Well, because, you know, something something starts at 0 something something or 1.
The next part is where the switches and diodes are being joined together.
(define switches+diodes
Just a value definiton because it does not accept any parameters.
(for/list ([col (in-range cols)]
#:when true
[row (if (or (= 5 col) (= 6 col))
'(0) (in-range rows))])
A list comprehension using 0 - cols (12) and 0 - rows (4).
Except when col equals to 5 or 6, just use 0.
Why? Thumb button is just one for each finger, right?
You remember that, right?
(list (switch row col) (diode row col))))
After that list comprehension, create a pair of switch and diode using the
result of that list comprehension.
(define edge-cuts
(for/list [(s '([31 22] [84 22] [141 30] [127 30] [185 22] [237 22] [250 95] [161 112] [107 112] [18 95]))
(e '([84 22] [127 30] [185 22] [141 30] [237 22] [250 95] [161 112] [107 112] [18 95] [31 22]))]
`(gr_line (start ,@s) (end ,@e) (angle 90) (layer Edge.Cuts) (width 0.3))))
Now, edge cut is where the pcb ends. Somehow I feel so pedantic when I explain something that is so clear.
Anyway, this value definition uses, again, a list comprehension using a list named s
which is a mnemonic for start (surprise!) and e which is a mnemonic for end.
Those lists are used to create (gr_line) though I'm quite sure those values are
created by manually put that in kicad.
(because that's what i do)
(define board
(apply append nets
(list (net-class nets))
(list microcontroller-module)
edge-cuts
switches+diodes))
Now, the board's definition is basically appending nets, edge-cuts, switches+diodes,
and (net-class nets) and microcontroller-module that have been transformed into
a list with a single element.
(define (write-placement filename)
Function definition above, write-placement, defines the main function where
(when (file-exists? filename) (delete-file filename))
when a file with filename as its name exists, delete the file in question.
(call-with-output-file filename
save the body's output to the filename,
(λ (op)
by using a anonymous function op
(display (call-with-input-file "header.rktd" (curry read-string 9999)) op)
to display the content of header.rktd (I'll talk about it later) by buffering
the content in memory,
;; kicad has this terrible bug where it's whitespace-sensitive here =(
(display "\n" op)
(for ([f board]) (pretty-print f op 1))
then put the content of board list,
(display (call-with-input-file "traces.rktd" (curry read-string 999999)) op)

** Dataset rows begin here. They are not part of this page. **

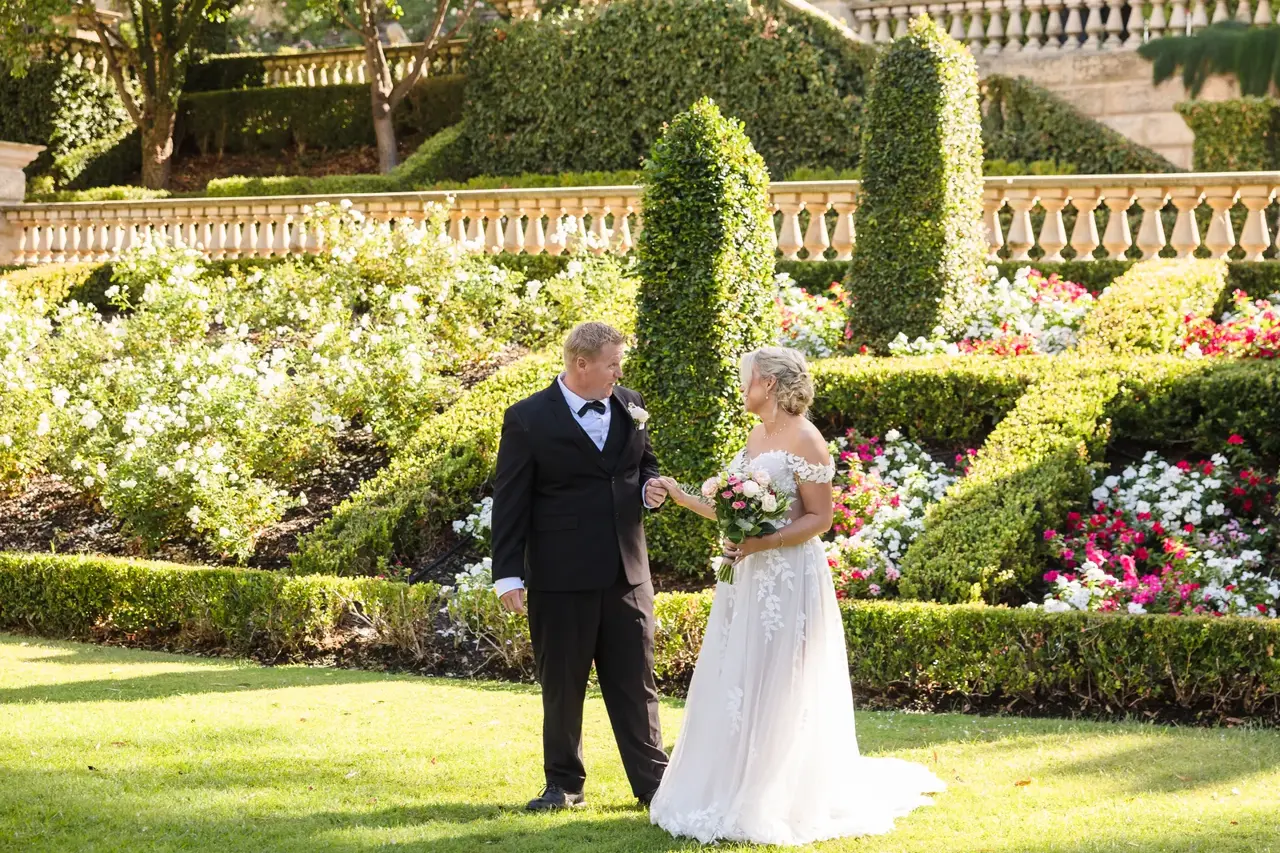 Rosie and Adam among clipped topiary and rose beds at Caversham House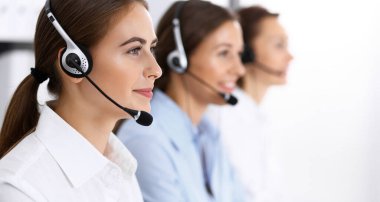 Merkezi ara. Bir grup operatör iş başında. Kulaklıklı güzel iş kadınına odaklan.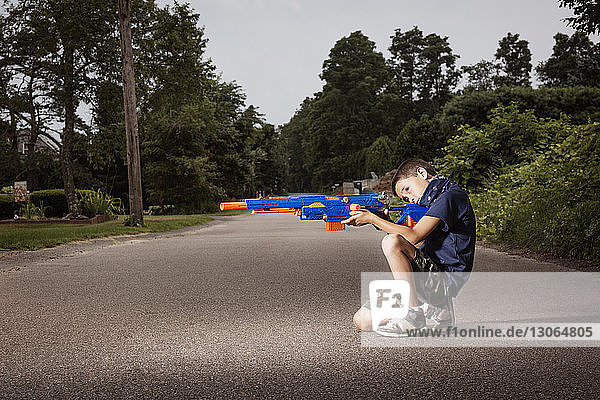 Verspielter Junge zielt mit Spielzeugpistole  während er auf dem Fußweg gegen den Himmel kauert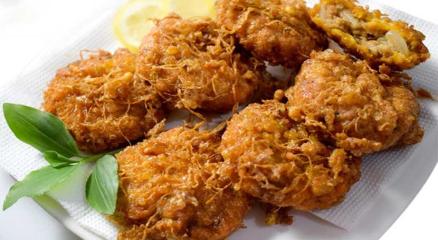 Traditional Jali Kabab with crispy egg net covering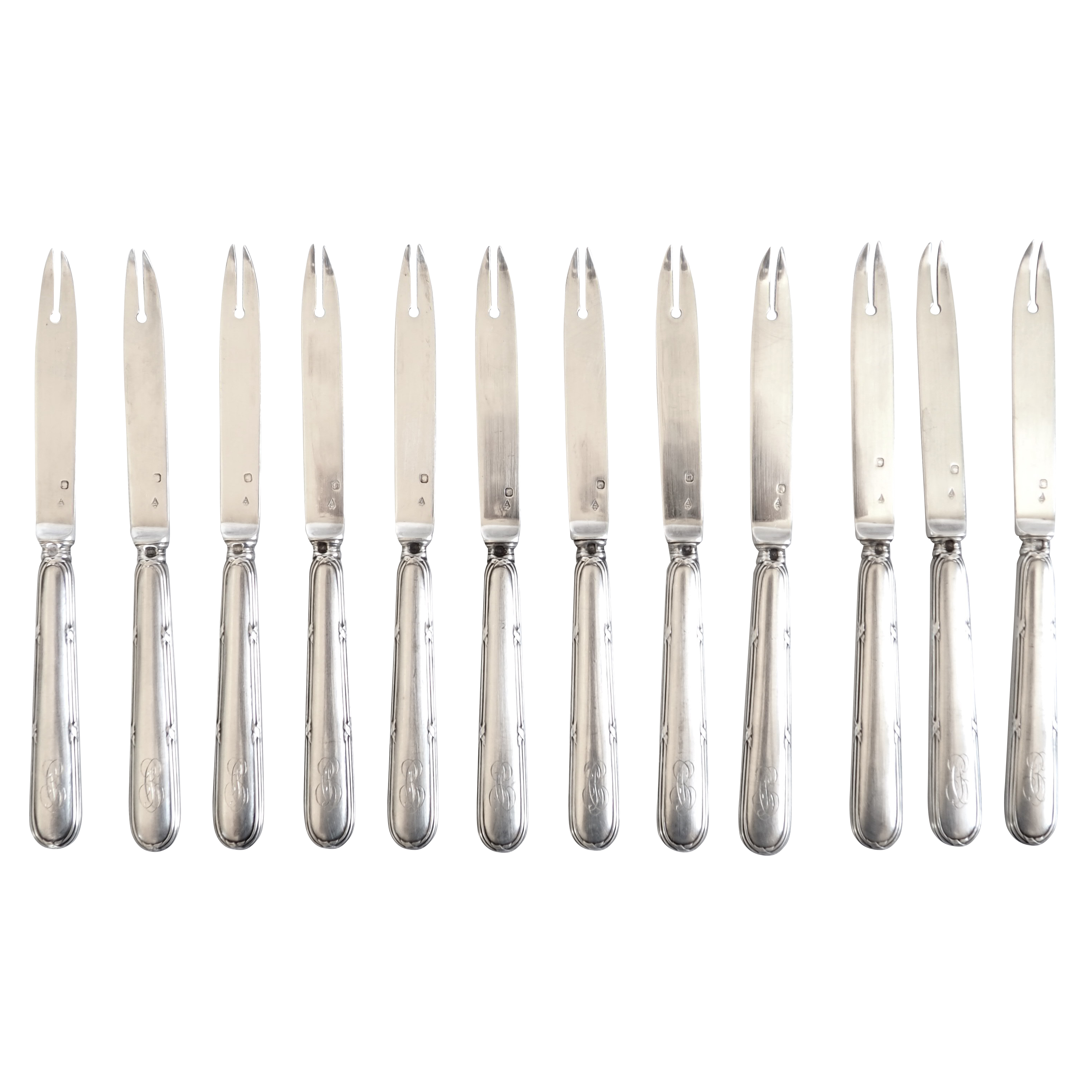 Série de 12 couteaux (fourchettes) à melon en argent massif par Olier & Caron poinçon Minerve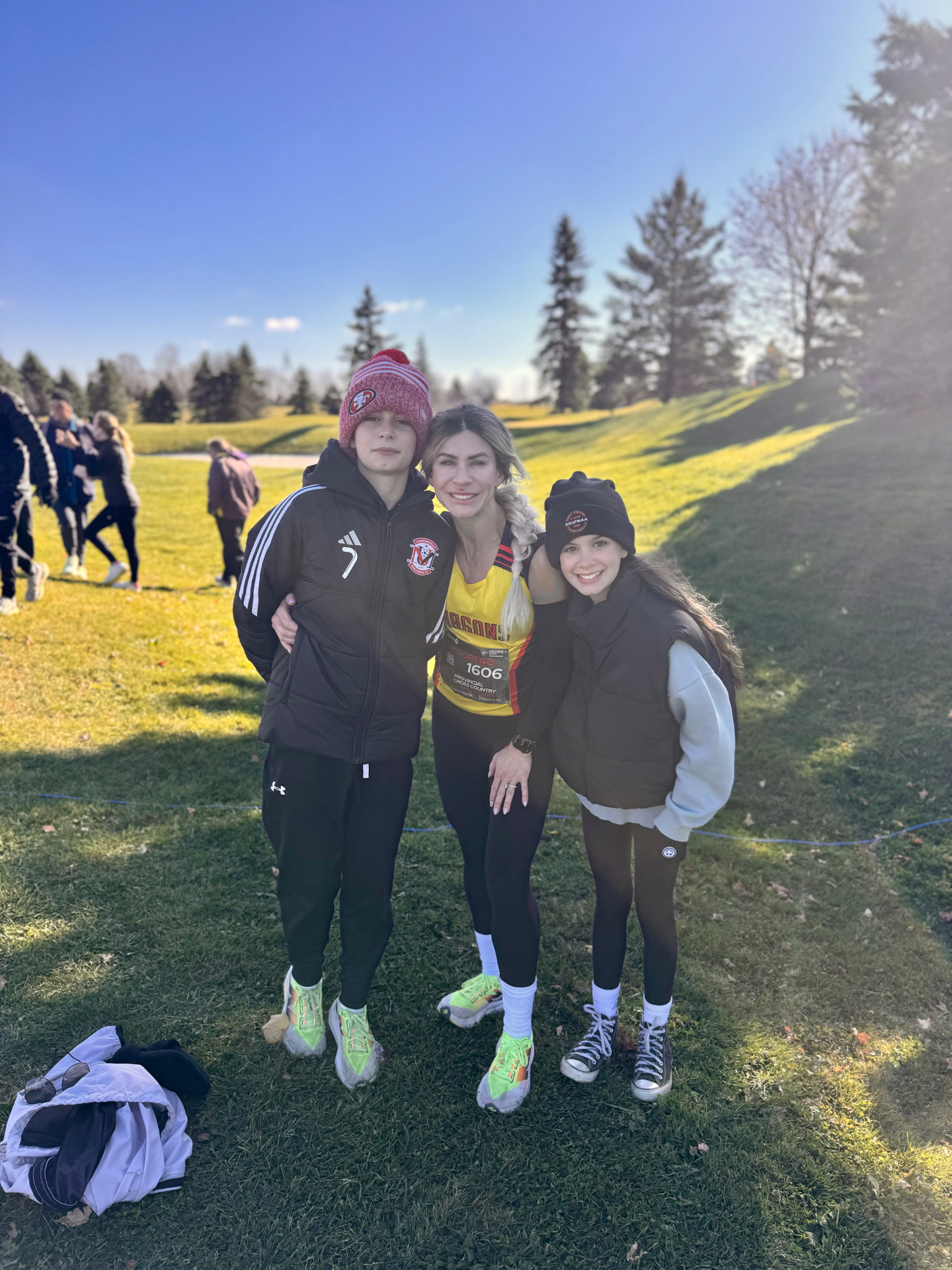 Mandy with her son and daughter at a provincial cross country race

followed by storing the content of traces.rktd,
(display ")" op))))
and finally put a close bracket at the end of the file.
I want to talk about header.rktd and traces.rktd first.
header.rktd is where you put names, information, and, to put simply, some decorations
to the pcb.
To create that file, to be quite honest, I don't know.
But you can see an example of header.rktd here.traces.rktd is where you put the net routes.
Some people use autorouter like FreeRouter.org or something else, while some other
people route them manually.
Personally, I manually route first and then followed by letting autorouter does
its job, and then clean some weird traces.
For an example, check traces.rktd here.
I get that by using egrep "\(via \(at|\(segment \(start" atreus.kicad_pcb > traces.rktd.(write-placement "atreus.kicad_pcb")
Then, the last part is where the pcb file being generated.
Check the result by using pcbnew atreus.kicad_pcb.
I genuinely enjoyed the process modifying this codebase and learning Racket. After a while, you won't really mind the braces. That's it, basically. I have nothing to say about Racket and KiCad's pcb file format other than, "it's really nice experience to learn about it."
For my usage, I think I will use choc switches and chase the low-profile as the target. Though that means I won't be using any case.
And I will update this post when I print the pcb and have them on my hands.